The Cortex A57 was internally codenamed Atlas, while the Cortex A72 was codenamed Maia. And now, we know the next generation processor core is codenamed Ares.
What do we know about Ares?
According to the LinkedIn profile of ARM senior principal engineer David Lutz -- which was highlighted by user "NoSpammer" on the website Real World Tech -- the Ares core should bring a substantial speed up in floating-point performance. He also believes that the Ares core will feature a more area efficient -- I assume normalized for manufacturing technology, which impacts chip size -- floating-point unit, as well.
Beyond that, details on this future core are still sparse.
Some interesting tidbits on Cortex A72
Although ARM only recently announced the A72 that precedes Ares, the company has yet to give detailed performance numbers. Interestingly enough, though, Lutz claims in his LinkedIn profile that the A72 features a totally redesigned floating-point unit, bringing "major improvements in latency and energy."
He claims that in popular floating-point benchmark SpecFP -- he does not indicate whether this is the older SpecFP 2000 or newer SpecFP 2006 -- the A72 brings a 30% speed-up over the Cortex A57 at constant clock speeds. Given that the A57 already has best-in-class floating-point performance in the mobile chip arena, this is quite an impressive feat.
An indication of ARM's ambitions beyond smartphones
From what I understand, the vast majority of "typical" mobile applications today are more sensitive to integer performance than floating-point performance, although I would imagine that intensive 3D games would benefit from increased floating-point performance.
This fits in perfectly with the company vision that eventually, smartphones could become full-blown PC replacements used for a much broader, more computationally intensive set of applications. Arming its cores with robust floating-point performance also helps these cores be useful for applications outside of the traditional mobile device market.

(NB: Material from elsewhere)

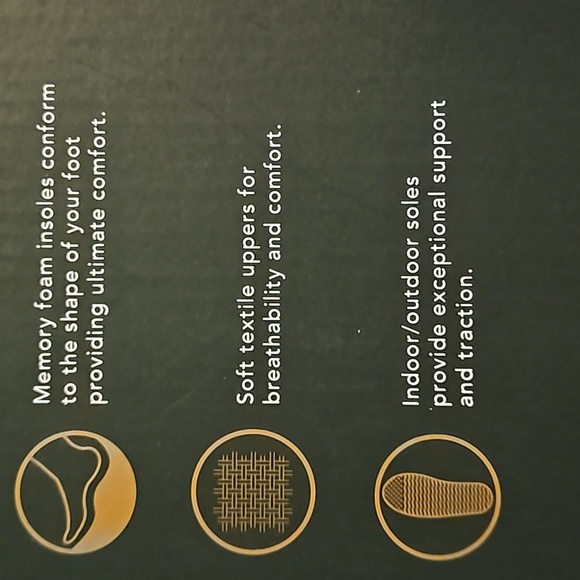 Goldtoe Mens Tan Memory Foam Insole Indoor/Outdoor Traction Soles Slippers M 8-9 - Picture 9 of 11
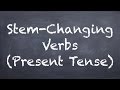 Stem-Changing Verbs - German 1 WS Explanation - Deutsch lernen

ARM continues to make impressive progress
With each of its processor cores, ARM seems to deliver pretty significant improvements across the board. Not only is this good for ARM's processor licensees, who get access to better processor cores every few years, but it also raises the bar for those ARM architecture licensees who spend the money and energy to design their own ARM-compatible cores.
I am of the belief that ARM will continue to put out increasingly impressive mobile cores going forward, and I also expect some impressive ARM-compatible cores from the company's architecture licensees. As has been widely discussed, if Qualcomm -- which licenses ARM cores for some products and builds its own ARM cores for higher-end products -- is using the A72 in its mid-range parts, then that might imply a pretty significant step up in performance and/or power efficiency from the A72 for Qualcomm's own 64-bit core.
Apple's first-generation 64-bit core, known as Cyclone, and its follow-on -- which is now widely referred to as "Enhanced Cyclone" -- is also very impressive. I am also expecting some pretty great things from the next generation Apple CPU core that is likely to debut later this year.